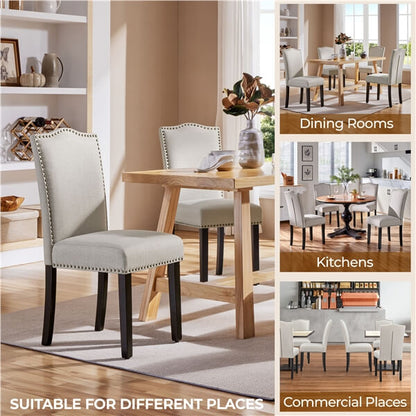 Upholstered Fabric Dining Chairs Set of 6 Beige Position 9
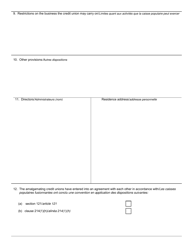 Form 8 Articles of Amalgamation - Credit Unions - Manitoba, Canada (English/French), Page 4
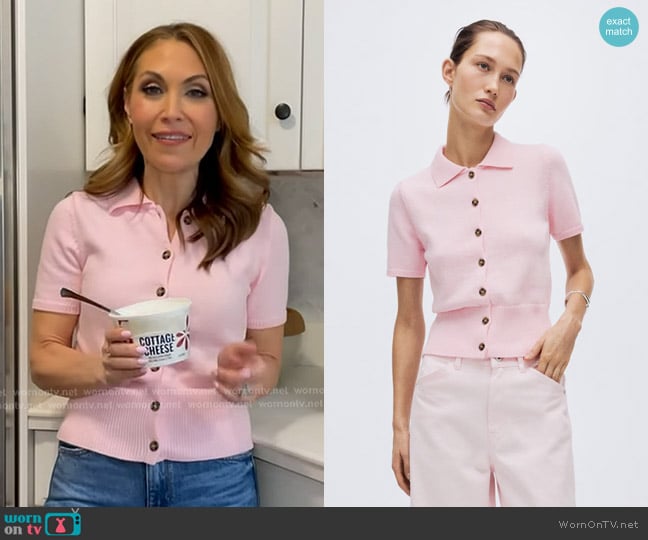 H&M Short-Sleeved Cardigan in Light Pink worn by Lori Bergamotto on Good Morning America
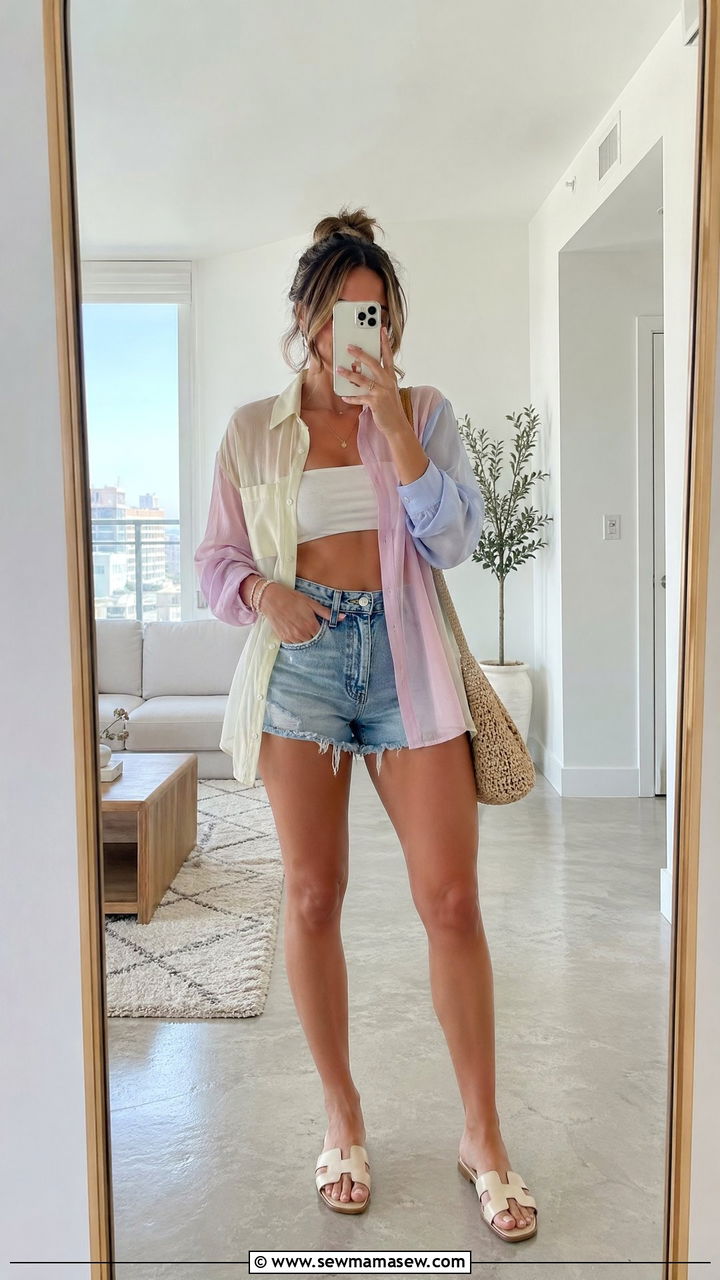 Sheer Blouse And Denim Shorts - 35 cute hot weather outfits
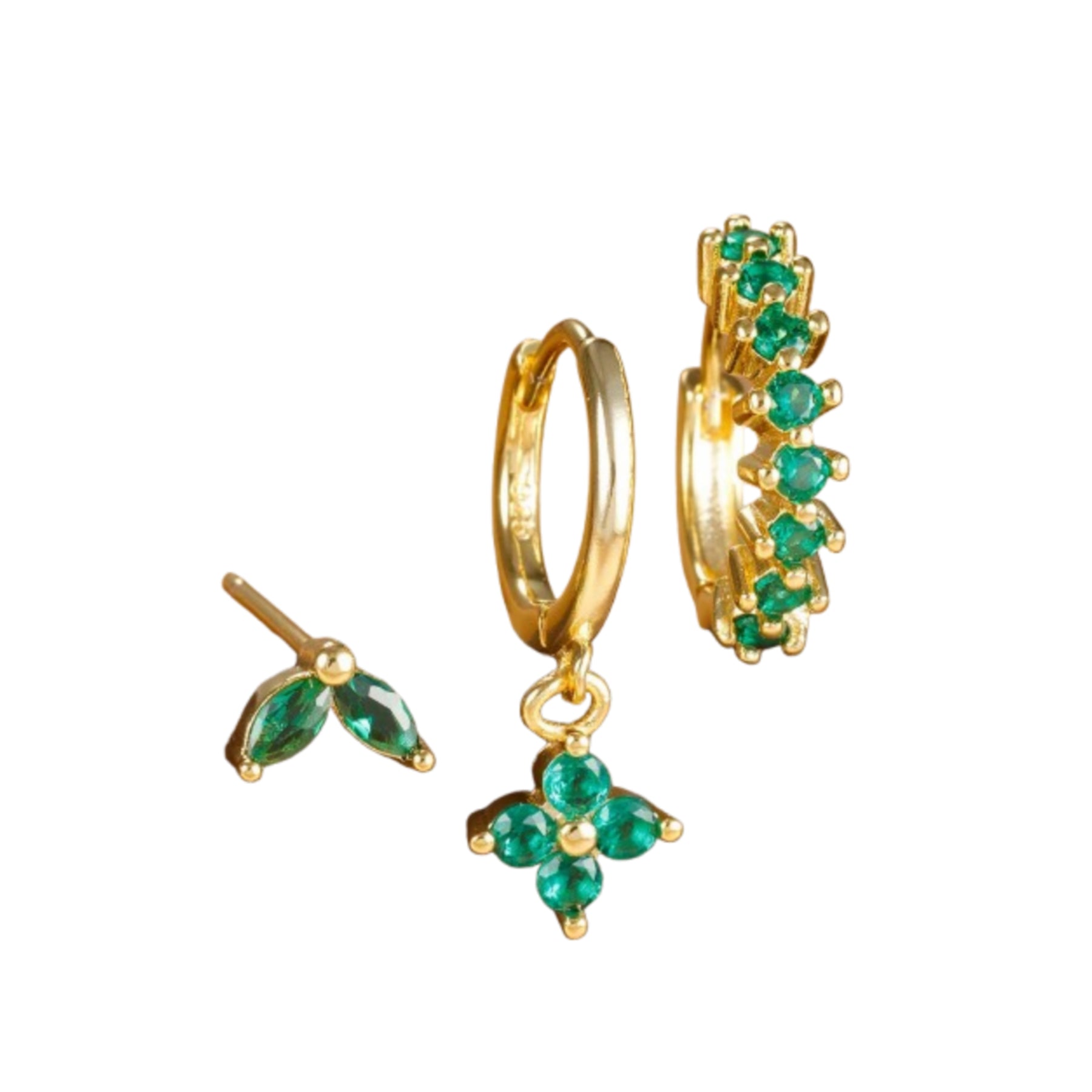 Brinco Argolas Pingente Flor Cravejada Zircônia Colorida Três Peças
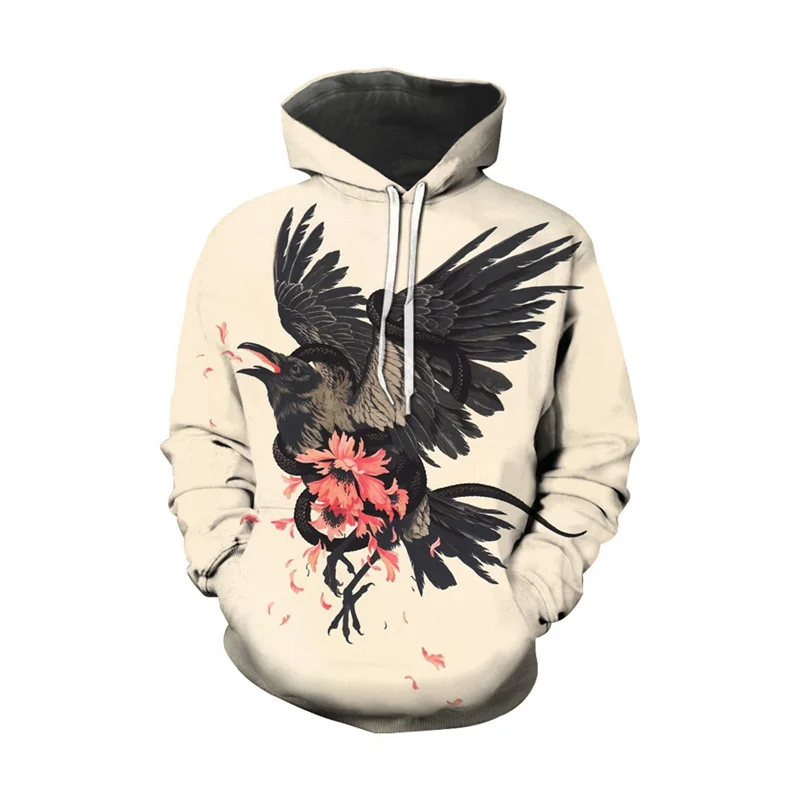 2024 New Parrot Bird Pattern Hoodies For Men Funny Animal 3D Printed Sweatshirts Autumn Casual Long Sleeve Hooded Pullovers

========================================================================

Each line of the material goes into your copy unchanged, but no picture does.

 Upholstered Fabric Dining Chairs Set of 6 Beige Position 9
 Form 8 Articles of Amalgamation - Credit Unions - Manitoba, Canada (English/French), Page 4
 H&M Short-Sleeved Cardigan in Light Pink worn by Lori Bergamotto on Good Morning America
 Sheer Blouse And Denim Shorts - 35 cute hot weather outfits
 Brinco Argolas Pingente Flor Cravejada Zircônia Colorida Três Peças
 2024 New Parrot Bird Pattern Hoodies For Men Funny Animal 3D Printed Sweatshirts Autumn Casual Long Sleeve Hooded Pullovers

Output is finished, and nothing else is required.